The case is of Armee Infotech who made donation of Rs 55 Lakhs to a Political Party, Rashtriya Komi ekta Party, being a RUPP (Registered Unrecognized Political Parties) for the AY 2012-13 under section 80GGC of the Act. Similarly, for the AY 2014-15, amount of Rs 3 crore donated to the same party.
Assessing Officer after finding that the political donation was against a RUPP made addition of Rs 55 Lakh income in the hands of assessee for the AY 2012-13. CIT(A) deleted the addition of Income for the political donation made for AY 2012-13.
Th revenue department appealed to ITAT Ahmedabad on the case that the assessee failed to prove, whether ultimately, the donees (party) have used these monies.
Read Also: Income tax notices sent to all involved in bogus political donation; check full list of party
ITAT Ahemdabad in case of ACIT Vs. Armee Infotech held
The donees are taxable entities in themselves. If they misused their position and failed to conduct themselves in regard with requirement of law, then this amount could be taxable in his hands. Act nowhere put obligation upon the donor to ensure how the funds are utilized by the donee towards their objects. Due to this reason, we are of the view that whole angle of inquiry at the end of the AO is misdirected.
It is for the AO to verify whether these charitable institutions have utilized funds for charitable objects or not, in their own cases, and if they failed to utilize funds for their objects, then their charitable status could be cancelled.
A perusal of the scheme of Income Tax Act, it would reveal that once the donation has been made, the donee is not under obligation to keep a track of the donation, and nothing left in his hand which can ask for return of these amounts. There is no such provision provided in the Act.

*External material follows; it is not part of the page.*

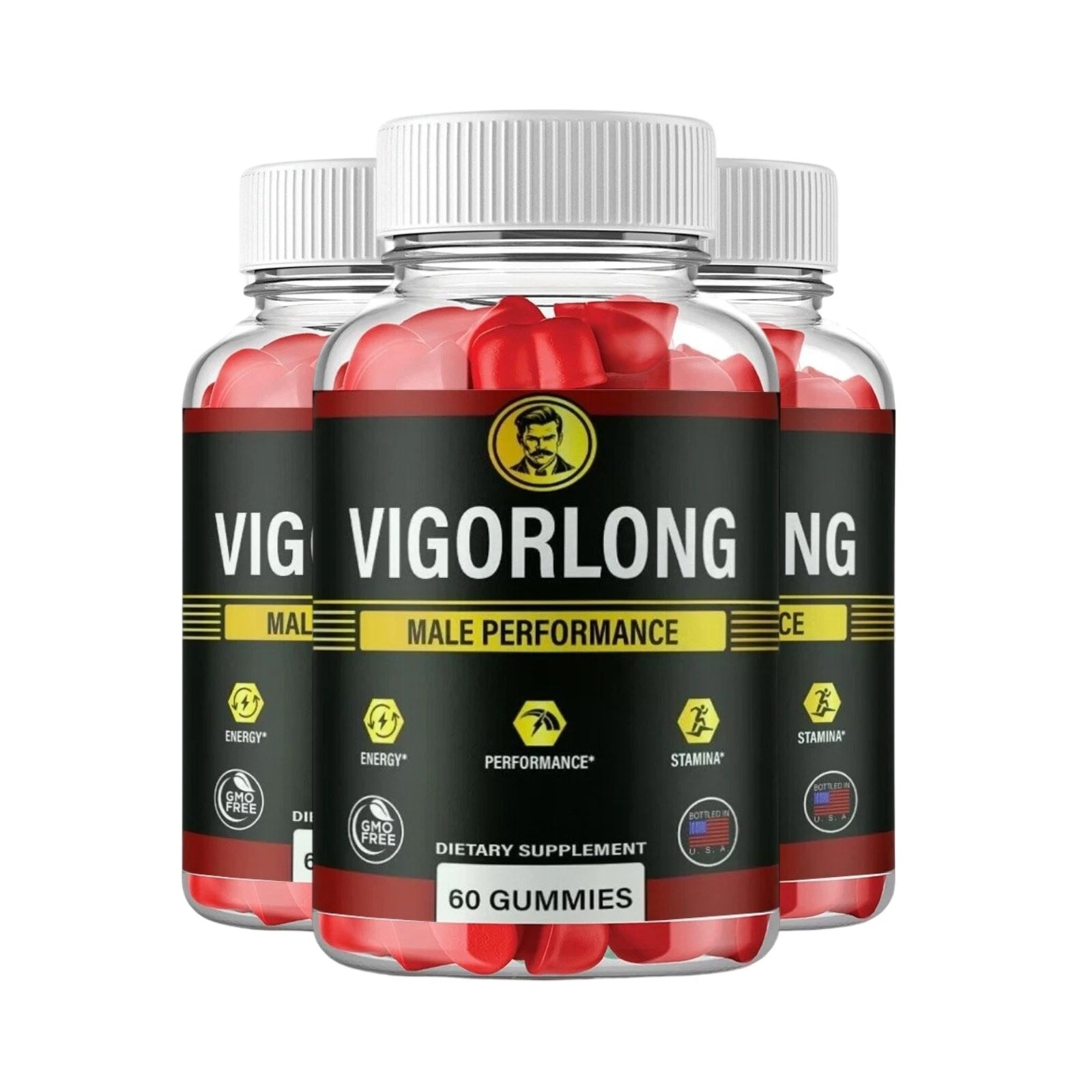 3-Pack VigorLong Gummies for Mens Health – Vigor Long Male Gummies - 180 Gummies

If a duly recognized institution, for the purpose of receiving donation, somebody makes donation and then how the donation would be bogus, if the donee failed to use it for the object which has been made eligible to receive the donation. How the donor could dictate terms after donations are made ? No donee will be under influence of the donor for arranging its affairs. Therefore, there is fallacy in the approach of the AO as well as the CIT(A) for disallowing the donations made by the assessee.
The Court do not find merit in the grounds of Revenue raised in the AY 2012-13. The CIT(A) has rightly deleted the disallowance of Rs 55.00 lakhs. This ground of appeal is rejected. On the same analogy, the grounds appeal raised by the assessee in the AY 2014-15 for disallowance of Rs.5,86,32,892/- is allowed.